• What you are asked to do: The range to reproduce runs from the line containing "Coffee First, Adulting" through the last line of the listing below; give exactly those lines and no others.

• Records for this task:

|---|

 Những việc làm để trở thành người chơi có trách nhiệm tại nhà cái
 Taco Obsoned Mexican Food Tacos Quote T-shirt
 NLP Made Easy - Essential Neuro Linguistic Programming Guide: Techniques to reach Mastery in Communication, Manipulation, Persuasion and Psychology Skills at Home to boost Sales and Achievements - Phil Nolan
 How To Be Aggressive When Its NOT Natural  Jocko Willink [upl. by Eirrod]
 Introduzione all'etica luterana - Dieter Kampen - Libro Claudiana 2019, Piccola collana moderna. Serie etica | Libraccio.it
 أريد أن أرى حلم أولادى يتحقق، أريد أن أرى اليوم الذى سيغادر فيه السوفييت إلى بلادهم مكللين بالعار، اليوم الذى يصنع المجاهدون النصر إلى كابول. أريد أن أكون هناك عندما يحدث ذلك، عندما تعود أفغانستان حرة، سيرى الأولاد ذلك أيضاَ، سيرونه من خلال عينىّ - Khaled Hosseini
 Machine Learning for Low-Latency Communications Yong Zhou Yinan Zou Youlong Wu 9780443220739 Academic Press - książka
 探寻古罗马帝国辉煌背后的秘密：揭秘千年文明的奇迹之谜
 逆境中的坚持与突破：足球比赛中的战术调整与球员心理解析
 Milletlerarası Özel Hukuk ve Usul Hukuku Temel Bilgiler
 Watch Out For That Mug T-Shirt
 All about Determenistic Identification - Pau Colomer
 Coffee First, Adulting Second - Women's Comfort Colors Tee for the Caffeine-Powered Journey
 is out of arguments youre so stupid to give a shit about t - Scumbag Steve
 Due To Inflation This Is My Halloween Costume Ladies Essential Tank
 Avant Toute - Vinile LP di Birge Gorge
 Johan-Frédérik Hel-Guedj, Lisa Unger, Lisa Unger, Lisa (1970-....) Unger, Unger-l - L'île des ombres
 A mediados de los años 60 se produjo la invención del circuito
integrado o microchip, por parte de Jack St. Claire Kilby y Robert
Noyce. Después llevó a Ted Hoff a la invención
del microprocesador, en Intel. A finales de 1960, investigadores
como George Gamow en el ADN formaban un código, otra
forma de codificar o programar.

|---|

• Result for this exercise:
 Coffee First, Adulting Second - Women's Comfort Colors Tee for the Caffeine-Powered Journey
 is out of arguments youre so stupid to give a shit about t - Scumbag Steve
 Due To Inflation This Is My Halloween Costume Ladies Essential Tank
 Avant Toute - Vinile LP di Birge Gorge
 Johan-Frédérik Hel-Guedj, Lisa Unger, Lisa Unger, Lisa (1970-....) Unger, Unger-l - L'île des ombres
 A mediados de los años 60 se produjo la invención del circuito
integrado o microchip, por parte de Jack St. Claire Kilby y Robert
Noyce. Después llevó a Ted Hoff a la invención
del microprocesador, en Intel. A finales de 1960, investigadores
como George Gamow en el ADN formaban un código, otra
forma de codificar o programar.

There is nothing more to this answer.